In its instruction sheet online, Amazon claims the digital Dash customers can
“view product details and place 1-click orders on tens of millions of products that ship with Prime,” Amazon’s membership shopping feature. (The physical button could order only
hundreds of products.)

“We’ve also seen customers increasingly using programs like Alexa Shopping, which provides a hands-free shopping experience, and Subscribe &
Save, which lets customers automatically receive their favorite items every month,” says Amazon in its official release on the end of the button.  “With this in mind, we’ve
decided to shift the Dash program focus — as of February 28, Dash Button devices are no longer available for purchase on Amazon globally.”

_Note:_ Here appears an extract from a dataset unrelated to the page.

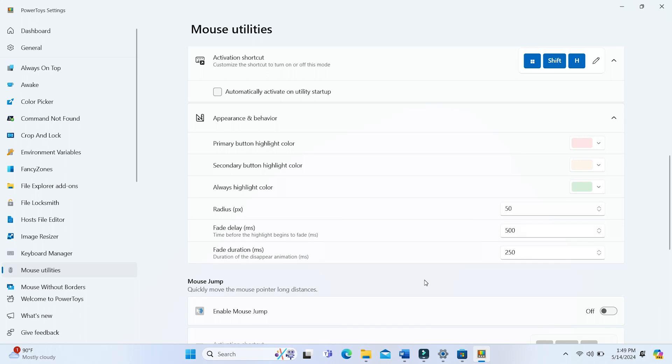Finally, press the Windows logo key plus Shift plus H hotkey to activate the highlighter.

They may live on, though, as a
kind of iconic marker of the times, a “smart” way to shop in 2015 that now seems a little clunky. 

When Dash was introduced, the Internet of Things was a more foreign
concept than it is now, just a few years later. Indeed, some thought it was an April
Fool’s Day joke,
except Amazon actually announced it on March 31, 2015. 

A few days later a Forrester Research report aimed at CMOs called it  “the
best bad idea of 2015,” though the report predicted it was a precursor to other ways online merchants would try to make the buying process more “frictionless” for
consumers.

The button was, in that sense, right on the button. In the months that followed, more ecommerce sites added “order now” buttons alongside featured items,
making the decision to buy a little more impulsive.